Iris Recognition - Visible Wavelength (VW) Vs Near Infrared (NIR) Imaging

Visible Wavelength (VW) Vs Near Infrared (NIR) Imaging

Most iris recognition systems acquire images of the iris in the visible wavelength (400-700 nm) or near infrared range (700 - 900 nm) of the electromagnetic spectrum. Each wavelength distinguishes different features of the iris with NIR and VW obtaining Information from the iris by its texture and pigmentation, respectively. The majority of iris recognition systems operate within the longer NIR spectrum which can penetrate dark-coloured irides, the dominant phenotype of the human population, revealing texture not easily observed in the VW spectrum. The NIR spectrum also reduces iris pattern contamination by blocking ambient corneal reflections.

Although reducing reflections through NIR makes system recognitions robust, NIR imaging cannot distinguish the effects of melanin, the primary colouring component in irides. The melanin, also known as chromophore, mainly consists of two distinct heterogeneous macromolecules, called eumelanin (brown–black) and pheomelanin (yellow–reddish), whose absorbance at longer wavelengths in the NIR spectrum is negligible.

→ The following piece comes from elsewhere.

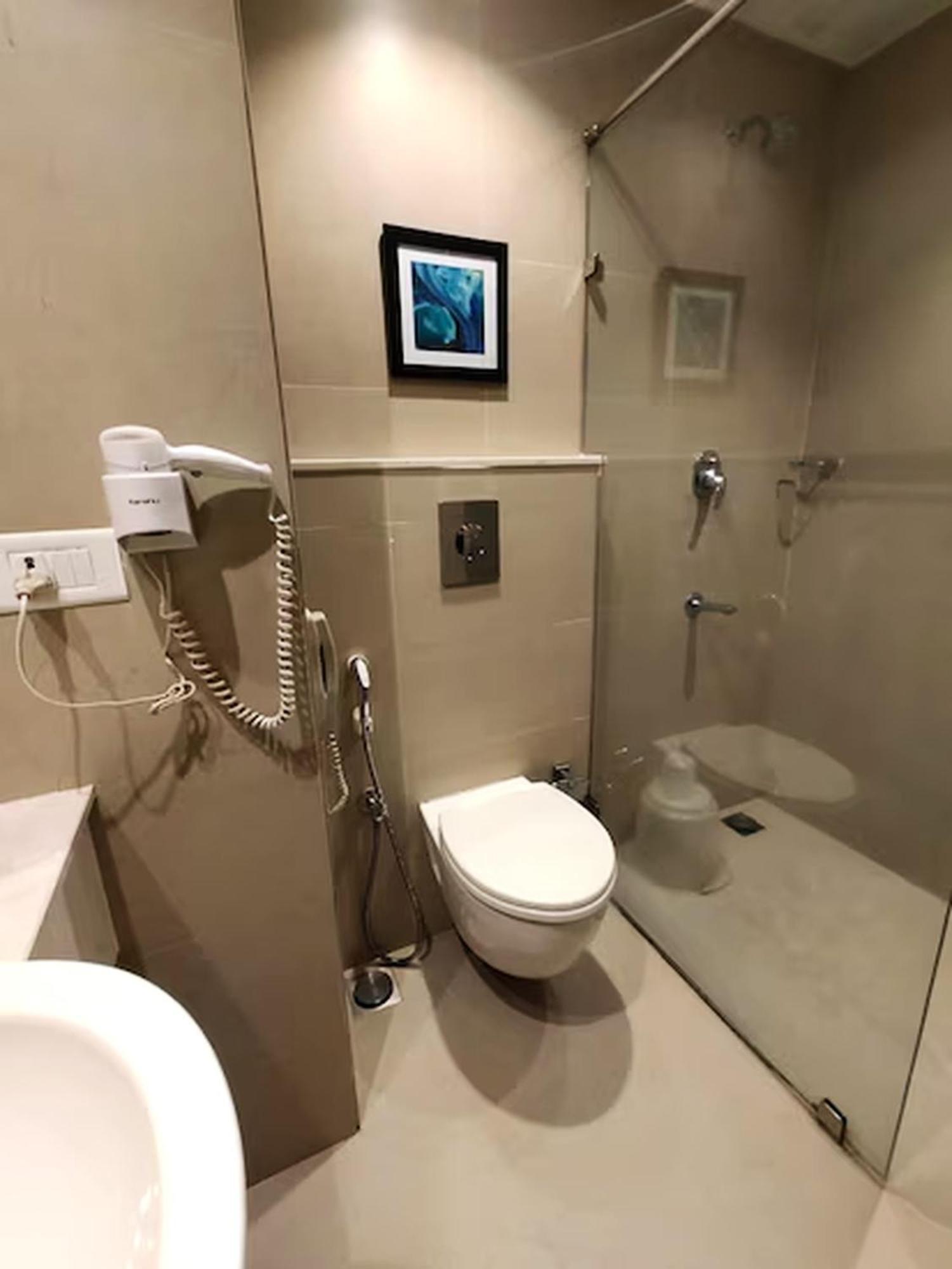 Отель Park Residency Adoor Adur Экстерьер фото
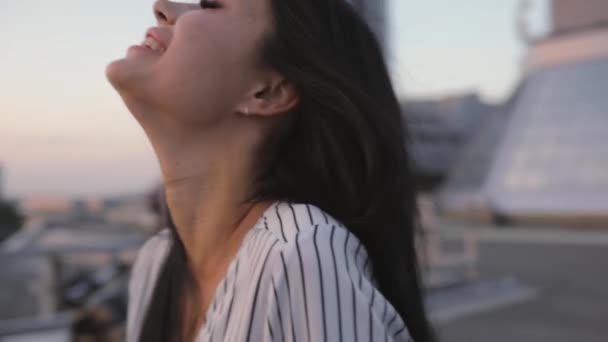 Счастливая женщина кокет дует волосы наслаждается летнее время — стоковое видео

At shorter wavelengths within the VW spectrum, however, these chromophores are excited and provide rich sources of information mainly coded as shape patterns in iris. Hosseini, et al. provide a comparison between these two imaging modalities and fused the results to boost the recognition rate. An alternative feature extraction method to encode VW iris images was also introduced, which is highly robust to reflectivity terms in iris. Such fusion results are seemed to be alternative approach for multi-modal biometric systems which intend to reach high accuracies of recognition in large databanks.